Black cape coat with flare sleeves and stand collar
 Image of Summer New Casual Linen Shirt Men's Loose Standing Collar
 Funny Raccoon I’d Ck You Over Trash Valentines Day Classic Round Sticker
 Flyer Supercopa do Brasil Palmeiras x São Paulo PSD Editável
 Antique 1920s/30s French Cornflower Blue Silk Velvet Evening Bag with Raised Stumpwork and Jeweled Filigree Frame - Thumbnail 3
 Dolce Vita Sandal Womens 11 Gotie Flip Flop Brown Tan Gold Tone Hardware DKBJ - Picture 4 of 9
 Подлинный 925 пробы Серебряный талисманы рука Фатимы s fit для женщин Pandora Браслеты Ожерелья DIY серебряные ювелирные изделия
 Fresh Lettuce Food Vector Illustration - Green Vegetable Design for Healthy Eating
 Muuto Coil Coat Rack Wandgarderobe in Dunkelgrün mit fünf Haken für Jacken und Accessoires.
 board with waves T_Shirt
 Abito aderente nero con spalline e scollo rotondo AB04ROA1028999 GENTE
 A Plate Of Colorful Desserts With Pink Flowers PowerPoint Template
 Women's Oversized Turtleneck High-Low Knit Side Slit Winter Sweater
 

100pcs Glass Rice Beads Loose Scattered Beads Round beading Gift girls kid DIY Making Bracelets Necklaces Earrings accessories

|---|

• [Activity]: Stop after the line containing "Dolce Vita Sandal": print exactly the lines from the start of the entries above up to it, that line included.

• [Result for this exercise]:
Black cape coat with flare sleeves and stand collar
 Image of Summer New Casual Linen Shirt Men's Loose Standing Collar
 Funny Raccoon I’d Ck You Over Trash Valentines Day Classic Round Sticker
 Flyer Supercopa do Brasil Palmeiras x São Paulo PSD Editável
 Antique 1920s/30s French Cornflower Blue Silk Velvet Evening Bag with Raised Stumpwork and Jeweled Filigree Frame - Thumbnail 3
 Dolce Vita Sandal Womens 11 Gotie Flip Flop Brown Tan Gold Tone Hardware DKBJ - Picture 4 of 9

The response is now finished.